Problem requirements:
Keeping every word the same, return the listing from its first line until the line holding "2389 Peart Court Property Photo 6" has been returned as well.

BEGIN Source data

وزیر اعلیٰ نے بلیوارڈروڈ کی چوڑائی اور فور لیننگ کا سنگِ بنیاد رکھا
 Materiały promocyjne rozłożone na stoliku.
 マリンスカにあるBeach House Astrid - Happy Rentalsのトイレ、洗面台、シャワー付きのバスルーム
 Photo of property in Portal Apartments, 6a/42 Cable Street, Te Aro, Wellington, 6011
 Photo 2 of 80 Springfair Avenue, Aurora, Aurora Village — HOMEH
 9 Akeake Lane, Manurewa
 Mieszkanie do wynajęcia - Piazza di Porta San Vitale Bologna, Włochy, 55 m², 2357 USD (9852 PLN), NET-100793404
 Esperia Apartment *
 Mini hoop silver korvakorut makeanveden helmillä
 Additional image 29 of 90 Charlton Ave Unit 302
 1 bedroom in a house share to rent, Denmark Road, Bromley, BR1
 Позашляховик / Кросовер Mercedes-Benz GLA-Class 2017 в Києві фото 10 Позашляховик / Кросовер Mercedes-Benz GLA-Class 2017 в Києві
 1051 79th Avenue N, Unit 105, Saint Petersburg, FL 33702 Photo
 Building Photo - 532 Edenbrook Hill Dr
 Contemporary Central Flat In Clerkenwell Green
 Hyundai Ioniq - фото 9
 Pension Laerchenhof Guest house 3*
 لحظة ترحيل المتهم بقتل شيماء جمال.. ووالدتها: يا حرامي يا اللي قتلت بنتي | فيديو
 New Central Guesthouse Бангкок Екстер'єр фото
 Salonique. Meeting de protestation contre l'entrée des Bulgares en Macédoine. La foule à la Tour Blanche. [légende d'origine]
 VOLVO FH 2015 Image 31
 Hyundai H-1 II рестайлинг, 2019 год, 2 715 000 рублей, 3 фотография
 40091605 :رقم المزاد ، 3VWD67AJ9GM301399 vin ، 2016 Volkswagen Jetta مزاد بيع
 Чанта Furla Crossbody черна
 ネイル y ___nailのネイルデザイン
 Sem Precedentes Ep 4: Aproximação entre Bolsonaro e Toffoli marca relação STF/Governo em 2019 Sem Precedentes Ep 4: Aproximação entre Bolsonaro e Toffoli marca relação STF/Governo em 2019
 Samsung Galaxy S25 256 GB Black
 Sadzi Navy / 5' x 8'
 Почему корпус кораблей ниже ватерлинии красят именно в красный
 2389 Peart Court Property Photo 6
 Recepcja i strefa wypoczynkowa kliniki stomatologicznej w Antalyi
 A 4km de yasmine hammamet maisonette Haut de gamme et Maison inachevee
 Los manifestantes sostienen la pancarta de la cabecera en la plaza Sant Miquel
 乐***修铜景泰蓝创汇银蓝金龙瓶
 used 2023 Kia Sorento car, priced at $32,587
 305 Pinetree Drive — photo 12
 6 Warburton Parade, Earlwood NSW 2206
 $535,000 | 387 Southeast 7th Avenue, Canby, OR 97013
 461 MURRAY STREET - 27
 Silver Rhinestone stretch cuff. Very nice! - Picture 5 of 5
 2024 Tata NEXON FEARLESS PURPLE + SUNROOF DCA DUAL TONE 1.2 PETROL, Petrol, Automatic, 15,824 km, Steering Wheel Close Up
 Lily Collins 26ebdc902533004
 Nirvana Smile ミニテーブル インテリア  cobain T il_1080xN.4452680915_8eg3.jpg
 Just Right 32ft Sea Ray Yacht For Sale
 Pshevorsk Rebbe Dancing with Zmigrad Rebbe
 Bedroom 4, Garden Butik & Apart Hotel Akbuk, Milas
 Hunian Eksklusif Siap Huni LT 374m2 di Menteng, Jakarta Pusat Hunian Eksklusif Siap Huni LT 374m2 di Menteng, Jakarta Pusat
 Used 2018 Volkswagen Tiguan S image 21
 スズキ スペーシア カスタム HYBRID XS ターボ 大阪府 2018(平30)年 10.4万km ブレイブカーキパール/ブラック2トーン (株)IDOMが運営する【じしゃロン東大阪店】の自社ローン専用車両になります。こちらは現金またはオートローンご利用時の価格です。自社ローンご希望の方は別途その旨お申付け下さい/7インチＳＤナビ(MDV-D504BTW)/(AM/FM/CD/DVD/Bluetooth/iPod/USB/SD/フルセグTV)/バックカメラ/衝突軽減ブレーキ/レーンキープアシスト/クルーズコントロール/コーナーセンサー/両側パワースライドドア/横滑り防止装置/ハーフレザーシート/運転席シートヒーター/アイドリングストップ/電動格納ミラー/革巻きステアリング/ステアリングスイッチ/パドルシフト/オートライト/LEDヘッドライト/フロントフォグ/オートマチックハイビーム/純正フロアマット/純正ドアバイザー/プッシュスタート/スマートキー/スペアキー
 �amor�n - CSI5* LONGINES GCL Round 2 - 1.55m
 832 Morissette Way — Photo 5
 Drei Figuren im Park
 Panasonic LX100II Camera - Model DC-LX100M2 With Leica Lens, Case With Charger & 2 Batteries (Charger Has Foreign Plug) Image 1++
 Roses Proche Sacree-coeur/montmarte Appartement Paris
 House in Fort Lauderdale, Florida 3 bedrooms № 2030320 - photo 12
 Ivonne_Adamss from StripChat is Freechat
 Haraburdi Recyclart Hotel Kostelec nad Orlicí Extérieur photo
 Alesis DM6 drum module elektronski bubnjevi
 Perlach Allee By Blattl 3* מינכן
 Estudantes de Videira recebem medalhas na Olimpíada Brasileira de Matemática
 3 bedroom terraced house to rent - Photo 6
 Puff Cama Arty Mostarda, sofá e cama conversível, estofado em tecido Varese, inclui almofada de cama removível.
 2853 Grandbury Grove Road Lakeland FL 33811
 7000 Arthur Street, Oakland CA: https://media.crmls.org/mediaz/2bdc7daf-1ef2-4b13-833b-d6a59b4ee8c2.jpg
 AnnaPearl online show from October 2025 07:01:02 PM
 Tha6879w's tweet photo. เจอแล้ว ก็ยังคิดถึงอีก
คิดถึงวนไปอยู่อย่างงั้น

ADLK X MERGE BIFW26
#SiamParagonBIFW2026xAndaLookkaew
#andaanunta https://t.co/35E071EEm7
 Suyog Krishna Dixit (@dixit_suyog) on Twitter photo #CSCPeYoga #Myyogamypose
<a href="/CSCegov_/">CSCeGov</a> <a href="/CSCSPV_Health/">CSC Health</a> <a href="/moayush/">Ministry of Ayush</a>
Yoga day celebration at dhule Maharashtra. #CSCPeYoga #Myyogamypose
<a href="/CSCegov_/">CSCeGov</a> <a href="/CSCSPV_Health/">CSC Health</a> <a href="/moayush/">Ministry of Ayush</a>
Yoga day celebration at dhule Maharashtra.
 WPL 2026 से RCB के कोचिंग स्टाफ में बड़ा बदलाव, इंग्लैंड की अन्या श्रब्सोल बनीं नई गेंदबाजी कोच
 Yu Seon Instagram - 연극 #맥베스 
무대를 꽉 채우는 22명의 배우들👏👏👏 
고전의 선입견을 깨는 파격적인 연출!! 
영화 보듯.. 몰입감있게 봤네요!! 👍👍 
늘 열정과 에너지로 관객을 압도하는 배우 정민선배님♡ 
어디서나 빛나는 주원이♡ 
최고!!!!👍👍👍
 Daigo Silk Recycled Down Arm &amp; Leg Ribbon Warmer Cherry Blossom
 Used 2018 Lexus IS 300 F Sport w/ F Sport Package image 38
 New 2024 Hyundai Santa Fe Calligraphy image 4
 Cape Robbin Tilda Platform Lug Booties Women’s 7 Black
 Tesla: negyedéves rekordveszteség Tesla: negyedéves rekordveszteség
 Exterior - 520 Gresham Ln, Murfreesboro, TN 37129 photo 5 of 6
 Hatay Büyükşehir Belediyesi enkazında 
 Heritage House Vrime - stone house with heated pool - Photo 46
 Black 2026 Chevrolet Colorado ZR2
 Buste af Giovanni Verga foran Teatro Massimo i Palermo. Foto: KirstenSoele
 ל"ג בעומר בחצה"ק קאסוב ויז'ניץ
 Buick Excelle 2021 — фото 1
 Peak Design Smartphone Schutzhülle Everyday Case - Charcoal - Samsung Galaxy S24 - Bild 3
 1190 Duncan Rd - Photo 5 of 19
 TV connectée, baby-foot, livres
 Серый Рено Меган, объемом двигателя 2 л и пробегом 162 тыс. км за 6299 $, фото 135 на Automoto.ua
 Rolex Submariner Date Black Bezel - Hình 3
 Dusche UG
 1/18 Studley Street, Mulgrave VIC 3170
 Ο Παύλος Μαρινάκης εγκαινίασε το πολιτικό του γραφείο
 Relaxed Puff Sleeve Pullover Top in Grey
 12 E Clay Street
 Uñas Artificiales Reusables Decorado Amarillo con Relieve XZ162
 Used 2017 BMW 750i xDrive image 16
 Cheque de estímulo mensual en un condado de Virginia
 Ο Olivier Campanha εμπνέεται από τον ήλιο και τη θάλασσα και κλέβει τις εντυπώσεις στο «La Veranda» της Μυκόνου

END Source data

Solution for this problem:
وزیر اعلیٰ نے بلیوارڈروڈ کی چوڑائی اور فور لیننگ کا سنگِ بنیاد رکھا
 Materiały promocyjne rozłożone na stoliku.
 マリンスカにあるBeach House Astrid - Happy Rentalsのトイレ、洗面台、シャワー付きのバスルーム
 Photo of property in Portal Apartments, 6a/42 Cable Street, Te Aro, Wellington, 6011
 Photo 2 of 80 Springfair Avenue, Aurora, Aurora Village — HOMEH
 9 Akeake Lane, Manurewa
 Mieszkanie do wynajęcia - Piazza di Porta San Vitale Bologna, Włochy, 55 m², 2357 USD (9852 PLN), NET-100793404
 Esperia Apartment *
 Mini hoop silver korvakorut makeanveden helmillä
 Additional image 29 of 90 Charlton Ave Unit 302
 1 bedroom in a house share to rent, Denmark Road, Bromley, BR1
 Позашляховик / Кросовер Mercedes-Benz GLA-Class 2017 в Києві фото 10 Позашляховик / Кросовер Mercedes-Benz GLA-Class 2017 в Києві
 1051 79th Avenue N, Unit 105, Saint Petersburg, FL 33702 Photo
 Building Photo - 532 Edenbrook Hill Dr
 Contemporary Central Flat In Clerkenwell Green
 Hyundai Ioniq - фото 9
 Pension Laerchenhof Guest house 3*
 لحظة ترحيل المتهم بقتل شيماء جمال.. ووالدتها: يا حرامي يا اللي قتلت بنتي | فيديو
 New Central Guesthouse Бангкок Екстер'єр фото
 Salonique. Meeting de protestation contre l'entrée des Bulgares en Macédoine. La foule à la Tour Blanche. [légende d'origine]
 VOLVO FH 2015 Image 31
 Hyundai H-1 II рестайлинг, 2019 год, 2 715 000 рублей, 3 фотография
 40091605 :رقم المزاد ، 3VWD67AJ9GM301399 vin ، 2016 Volkswagen Jetta مزاد بيع
 Чанта Furla Crossbody черна
 ネイル y ___nailのネイルデザイン
 Sem Precedentes Ep 4: Aproximação entre Bolsonaro e Toffoli marca relação STF/Governo em 2019 Sem Precedentes Ep 4: Aproximação entre Bolsonaro e Toffoli marca relação STF/Governo em 2019
 Samsung Galaxy S25 256 GB Black
 Sadzi Navy / 5' x 8'
 Почему корпус кораблей ниже ватерлинии красят именно в красный
 2389 Peart Court Property Photo 6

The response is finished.